С другой стороны от Рэнсома я копирую позу Итана. Смутно осознаю, что мой лифчик открывает слишком много, и Итан, вероятно, отлично видит мое декольте, но если ему и небезразлична моя грудь, то этого не видно.

– Готова?

На сколько возможно.

– Ага.

– Раз. Два. Три!

Вместе мы поднимаемся. Мои руки напрягаются, когда я пытаюсь встать, выдерживая хотя бы часть веса Рэнсома, но Итан, благослови его господь, играет в футбол и тренируется. Если судить по его выпуклым рукам и сухожилиям, выступающим на шее, он выдерживает более половины нагрузки.

Вместе мы поднимаем Рэнсома на доску, затем осторожно перекатываем его на металлическую плиту тележки. Как только он высвобождается из рук Итана, я нажимаю на рычаг, блокирующий колеса, и мы трогаемся.

В операционной я включаю весь свет.

Итан хмуро смотрит на контейнеры с медикаментами.

– Я не знаю, что это за дерьмо.

Вот где я могу быть полезна.

– Я знаю. Сними с него куртку и рубашку. Найди все травмы. У меня даже не было возможности проверить его ноги, прежде чем я запаниковала и позвонила тебе.

Он кивнул.

– Поехали.

Я поворачиваюсь к полкам, на которых лежат повседневные хирургические принадлежности доктора Роббинс. Шприцы и перчатки, есть. Я достаю флаконы с антибиотиками и обезболивающими, делая мысленные расчеты, которым она научила меня, по дозировке на вес. Рэнсом не животное, и мне придется оценить, но я надеюсь, что эта быстрая оценка не подведет. Затем я нахожу немного шовной нити и иглу, а также несколько трубок, которые должны подойти для самодельного набора для переливания крови.

Это счастье, что доктор Роббинс время от времени принимает экстренных пациентов. По пути я задавала вопросы. Она всегда отвечает во время работы, как будто обсуждение ситуации помогает ей обосновать свои решения по уходу. Я обратила внимание и запомнила важные вещи, так как хочу когда-нибудь стать ветеринаром.

Я ненавижу, что все это, вероятно, выходит за рамки моих возможностей, но какой у меня есть выбор, если Рэнсом не позволит мне позвонить профессионалам?

– Готово, – говорит Итан позади меня. – Похоже, у него рана на левом бицепсе и кровотечение на шее, оба места, где его задели пули. Никаких проникающих ранений, и ничего на нижней половине тела.

– Х-хорошо. – Это хорошая информация, но я так чертовски нервничаю. – Дай мне помыть руки, и приступим.

Когда я направляюсь к раковине и намыливаю руки мылом, Итан следует за мной.

– Что он тебе сказал? Как это случилось?

Я пожимаю плечами.

– Снаружи раздались выстрелы. Я позвонила в полицию. Стало тихо, потом он ворвался через заднюю дверь. Он сказал мне не звонить 9-1-1 и отключился.

Итан хмурится.

– Есть идеи, почему он был здесь?

Мне бы хотелось верить, что Рэнсом пришел за мной в день рождения, как и обещал. Но это принятие желаемого за действительное. Откуда ему вообще знать, где меня найти? Я не работала здесь семь недель назад, когда покинула его дом, прежде чем, как он выразился, сделал то, о чем мы оба пожалеем

– Нет.

Я закрываю кран локтем, вытираю руки стерильным полотенцем и беру перчатки из коробки на стене.
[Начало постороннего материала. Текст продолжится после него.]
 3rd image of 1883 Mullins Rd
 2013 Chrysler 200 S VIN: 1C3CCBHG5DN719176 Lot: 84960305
Мои пальцы дрожат. Я держу жизнь человека, которого люблю, в своих неопытных руках. Если я все испорчу, и он умрет, чувство вины убьет меня, не говоря уже о горе.
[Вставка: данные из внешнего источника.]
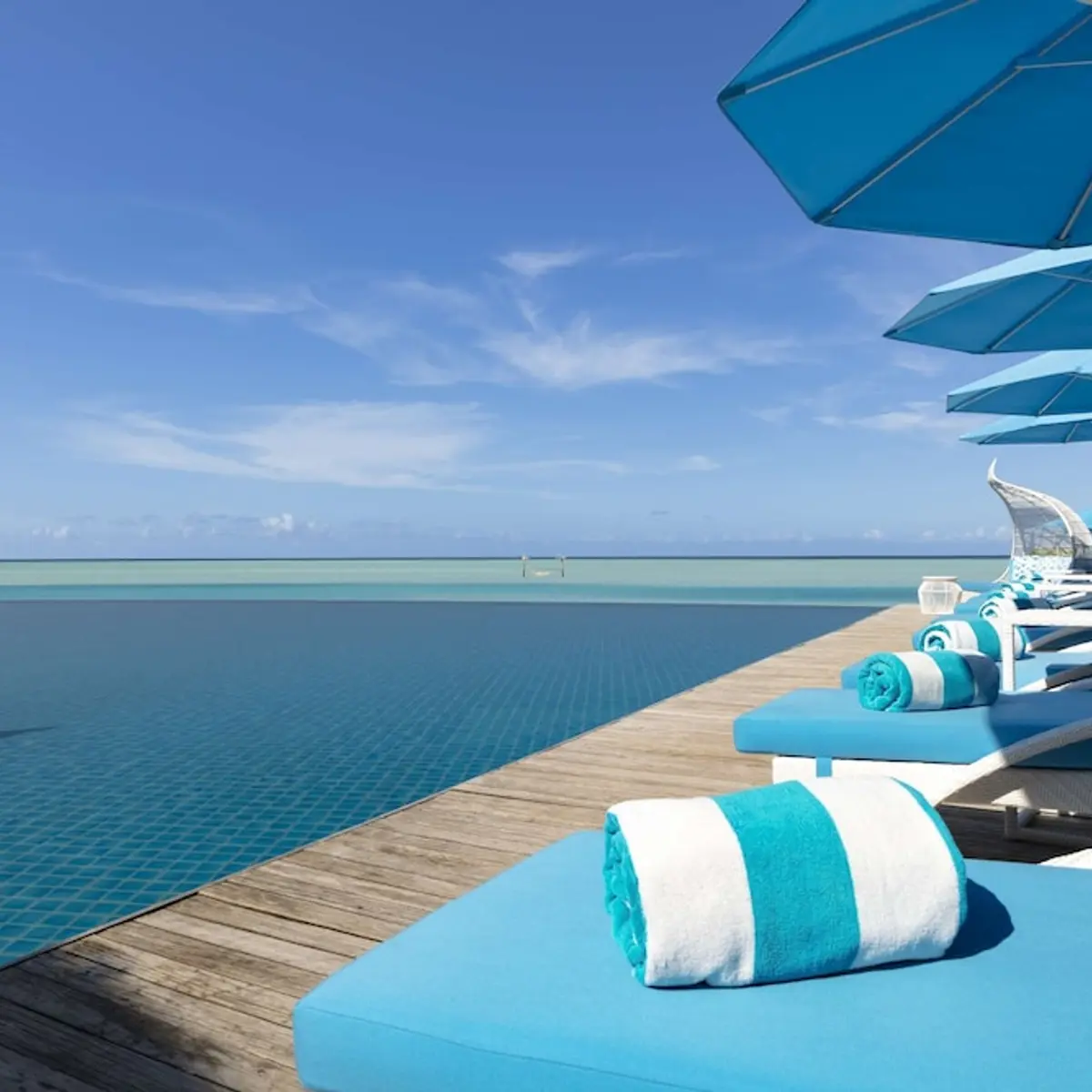 Anantara Dhigu Maldives Resort, Dhigufinolhu, Maldives 4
Сделав глубокий вдох, я пытаюсь взять себя в руки.

Итан нежно кладет руку мне на спину.

– Просто делай все, что в твоих силах. Никто из нас не может требовать от тебя большего, чем это.
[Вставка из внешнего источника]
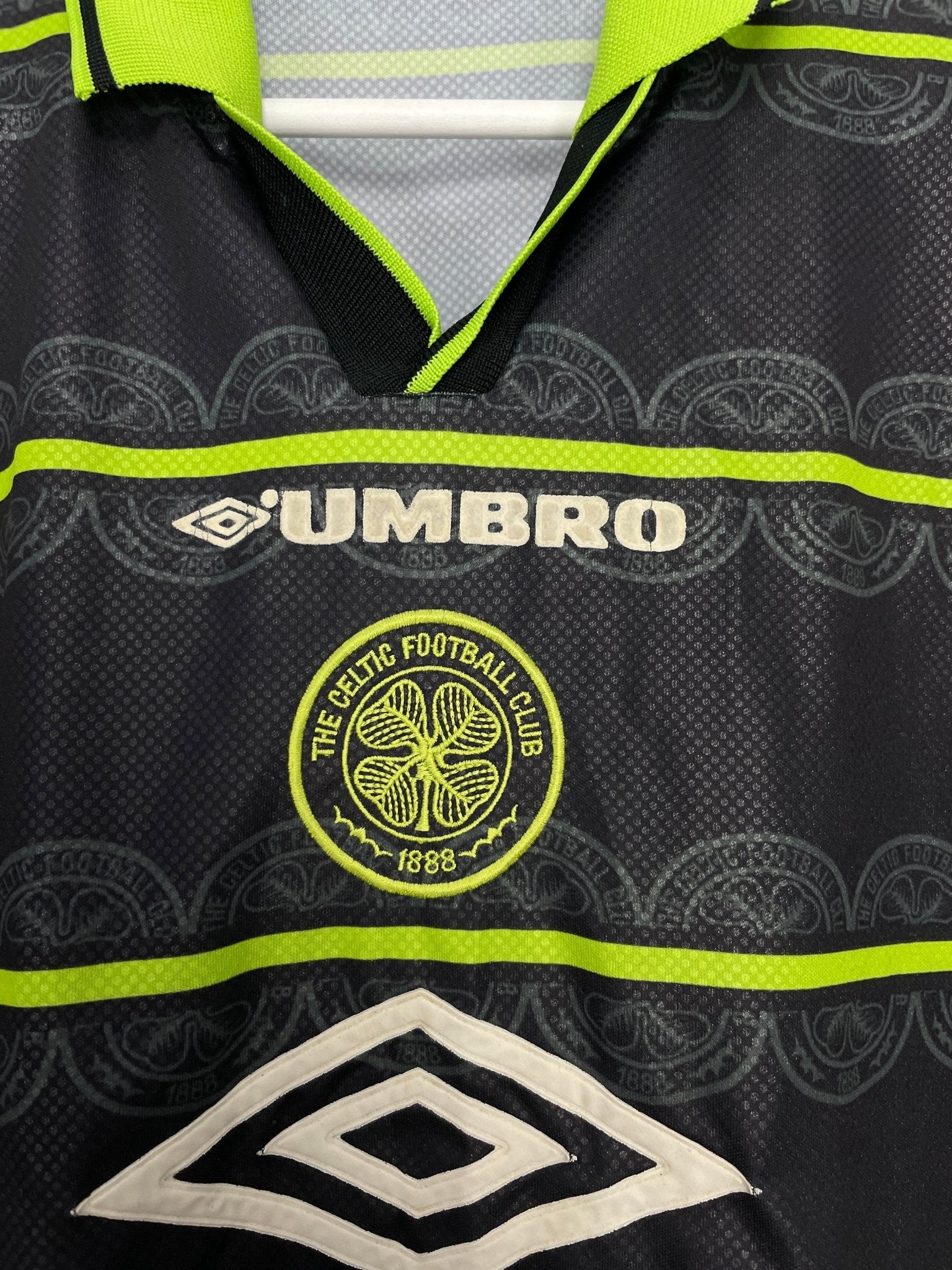 Shop 1998/99 CELTIC LARSSON #7 AWAY SHIRT (L) UMBRO, classic football shirts, vintage football shirts & retro soccer jerseys at Cult Kits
Меня снова охватывает чувство вины. Почему я не могла влюбиться в него? Это было бы проще. Но как только я встретила Рэнсома, для меня не существовало другого мужчины в мире.

Я должна спасти его жизнь. Я извинюсь перед Итаном позже за то, что набросилась на его отца.

– Спасибо. Однако мне понадобится твоя помощь. Вымой руки и надень перчатки.

– Конечно.

Он подходит к раковине, и я полностью сосредотачиваюсь на Рэнсоме. Я никогда не видела его обнаженным выше пояса, и, если бы он не истекал кровью, я бы потратила время, оценивая, насколько он мужественен – выпуклые плечи, грудные мышцы, рельефный пресс, худые предплечья, испещренные венами, и эти безумные впадины над бедренными костями, которые заставляют мой живот сжиматься. Но теперь я беспокоюсь, что он лежит слишком неподвижно и еще бледнее, чем в прошлый раз, когда я смотрела.